● **What is required**:
Pictures do not belong in the copy. Write out exactly the lines from the one containing "Canvas print Eiffel Paris tower" through the end of the data.

● **Given information**:
━━━━━━━━

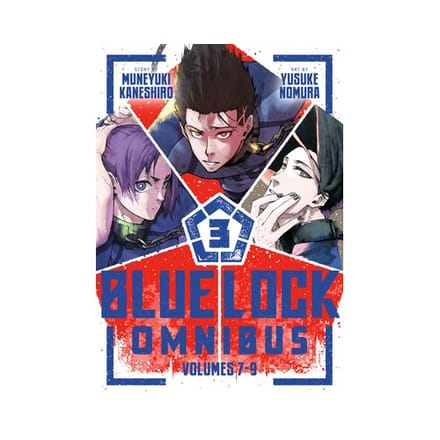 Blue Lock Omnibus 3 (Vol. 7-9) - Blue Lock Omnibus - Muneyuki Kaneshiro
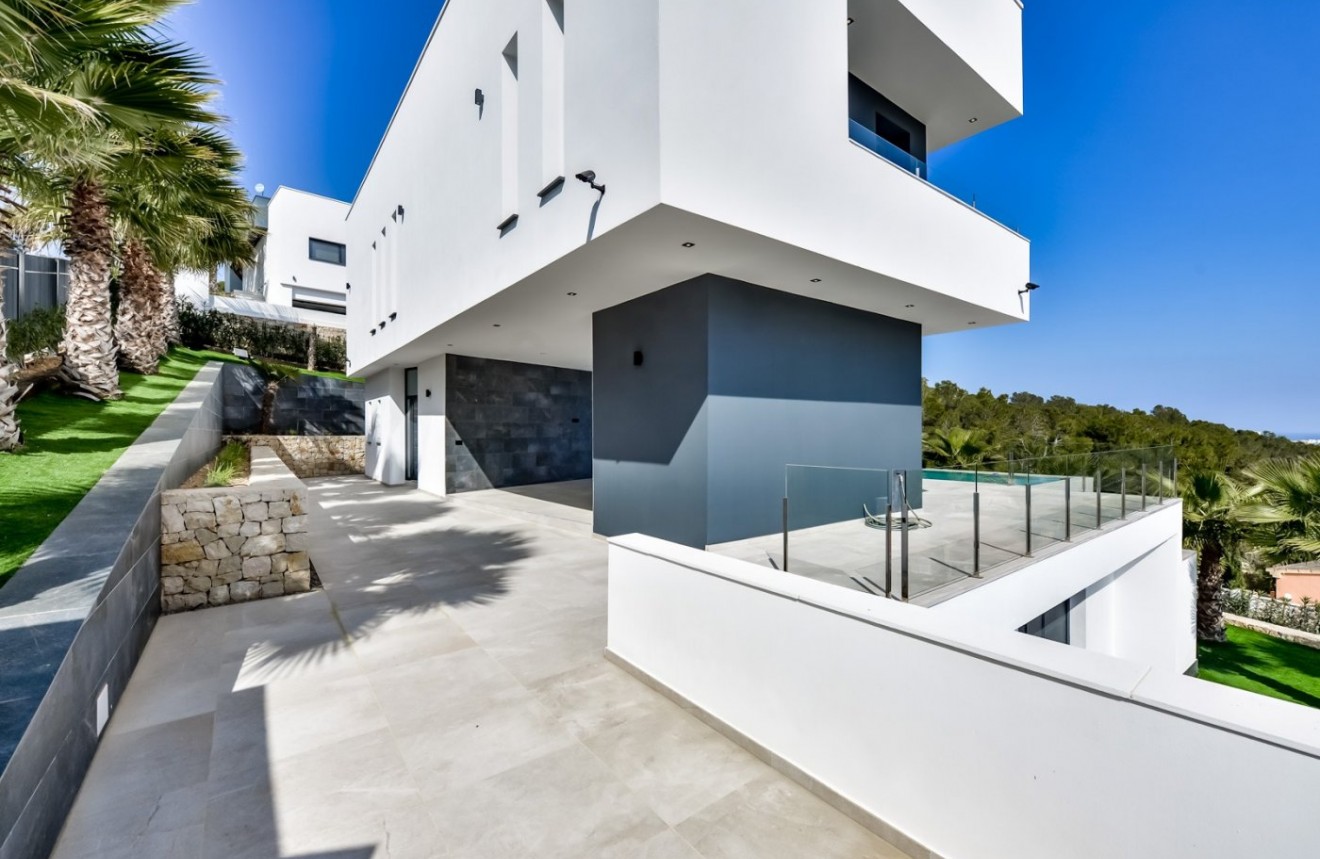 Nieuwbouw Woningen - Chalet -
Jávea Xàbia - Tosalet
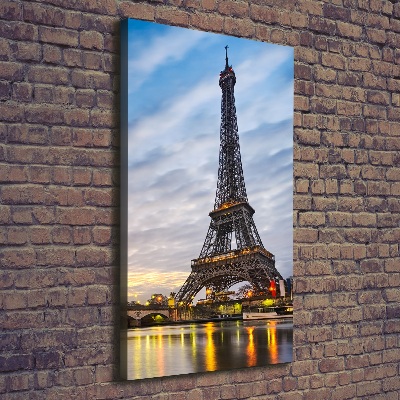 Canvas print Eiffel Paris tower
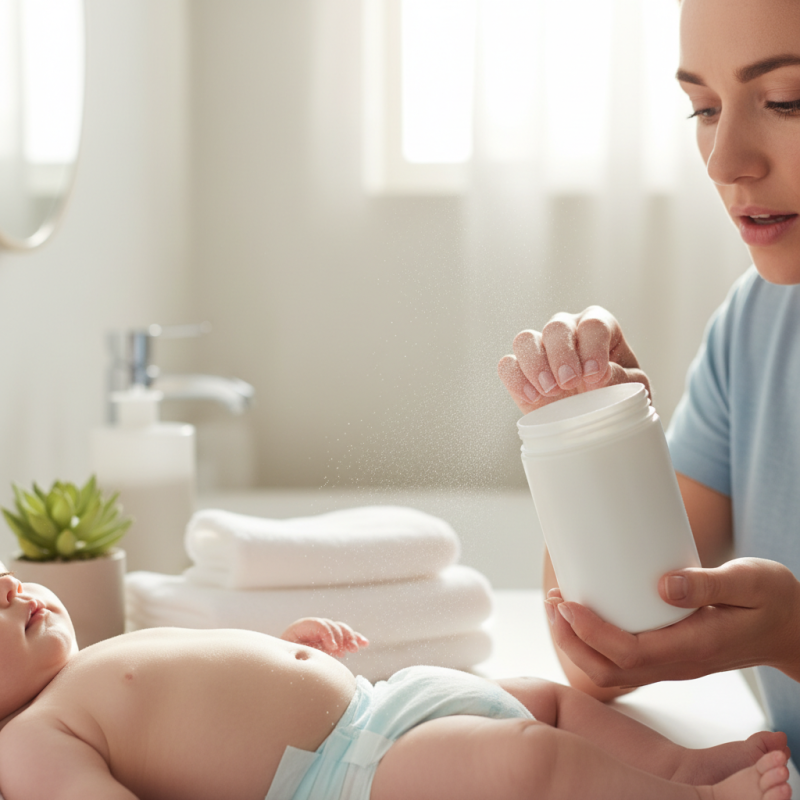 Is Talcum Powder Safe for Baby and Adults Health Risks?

━━━━━━━━

● **Answer box**:
 Canvas print Eiffel Paris tower
 Is Talcum Powder Safe for Baby and Adults Health Risks?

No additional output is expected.